Achieving ultra-low thermal expansion and excellent microwave dielectric properties in osumilite-type BaMg₂Al₆Si_9−xGe_xO₃₀ ceramics

Excellent microwave dielectric properties and ultra-low thermal expansion are essential for dielectric ceramics in high-frequency substrate applications. However, the inherent constraints among these three key microwave dielectric properties make it challenging to achieve ultra-low relative permittivity (ε_r), high quality factor (Q×f), and near-zero temperature coefficient of the resonance frequency (τ_f) values simultaneously in existing materials.
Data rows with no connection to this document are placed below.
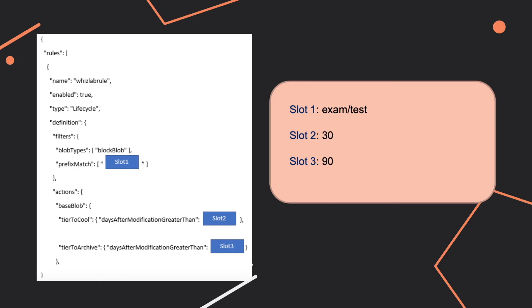Let's go through all the missing slots and then we'll go back to documentation. For the second slot days after modification greater than, we want to go to tier to cool. We said that if an object hasn't been modified the past 30 days it should go to tier to cool so this is quite straightforward. Same thing for tier to archive, if it hasn't been modified the past 90 days then it will be archived.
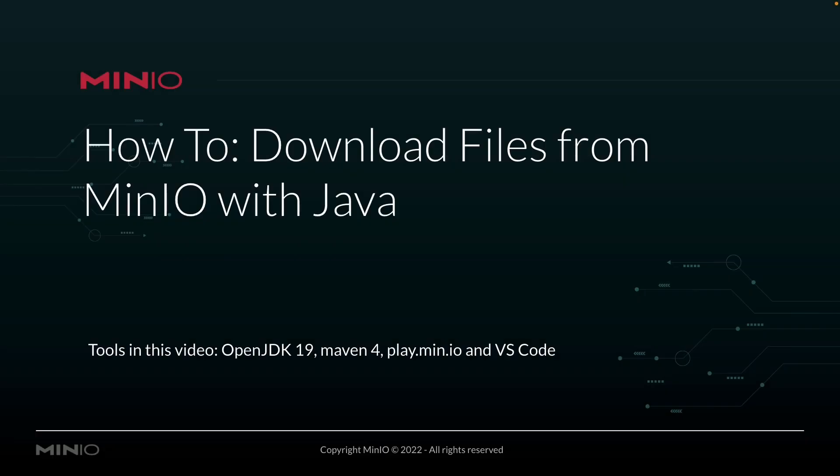Hi folks, Will from Min.io here with a how-to on downloading files from Min.io using our Java Client API. In this video, we're going to be using OpenJDK 19 and Maven 4 for managing all our dependencies, and we're going to be connecting out to play.min.io, our online sandbox where anybody can connect and work with the Min.io platform.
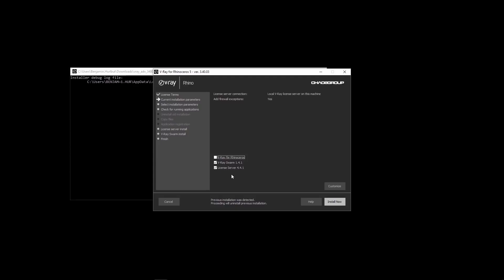Lastly, you can install the license server on each machine or have the machines look at a network machine for their license. The local machine always uses one render node license during rendering. A render node license is required for each additional render node machine participating in the job.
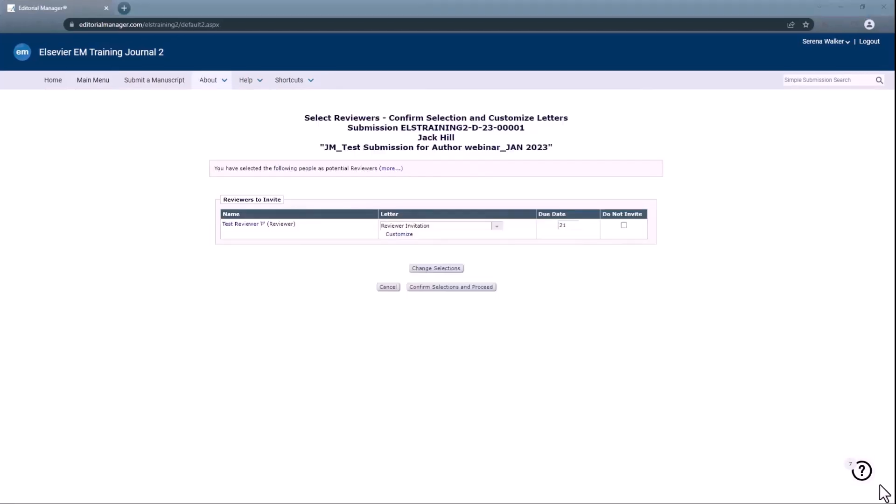The default due date configured by the article type is shown on the Select Reviewers Confirm Selection and Customize Letters page. You can use the due date field to extend or update the default number of days for review. Note this default number may vary per journal as well as whether the days are counted from the invitation date or from the date the reviewer agrees.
In particular, the coefficient of thermal expansion (CTE) of microwave dielectric ceramics often reaches approximately 10 ppm/°C, indicating limited tunability. In this work, based on novel osumilite-type BaMg₂Al₆Si₉O₃₀ ceramics with high crystal structural symmetry and excellent stability, we designed a strategy involving the substitution of Si⁴⁺ with larger Ge⁴⁺ ions. Replacing Si⁴⁺ with larger Ge⁴⁺ ions directly elongated the Si/Al(1)–O bond length while reducing the Si/Al(1)–O(1)–Si/Al(1) angle (σ₂). This structural modification suppressed the longitudinal vibration of 2-coordinate O(1) along the a-axis, effectively inhibiting negative thermal expansion and yielding a reduced CTE within the operational temperature range. Simultaneously, the elongation of the Si/Al(1)–O bond cooperatively increased the Si/Al(1)–O(2)–Si/Al(1) angle (σ₁) and enhanced the relative covalency of the Si/Al(1)–O bond, synergistically improving the Q×f values. Importantly, Ge⁴⁺ substitution preserved ultra-low ε_r and near-zero τ_f values by maintaining the polarization characteristics and crystal structural stability of BaMg₂Al₆Si₉O₃₀-based ceramics. The optimized BaMg₂Al₆Si_7.75Ge_1.25O₃₀ ceramics achieved excellent microwave dielectric properties: ε_r = 5.84, Q×f = 32,351 GHz, τ_f = −7.27 ppm/°C, and an ultra-low CTE of +1.07 ppm/°C. The successful co-regulation of the Q×f and CTE values was attributed to the polyhedral coupling strategy, which leveraged the structural features of the osumilite-type ceramics to synergistically optimize the tilting and distortion of critical polyhedra.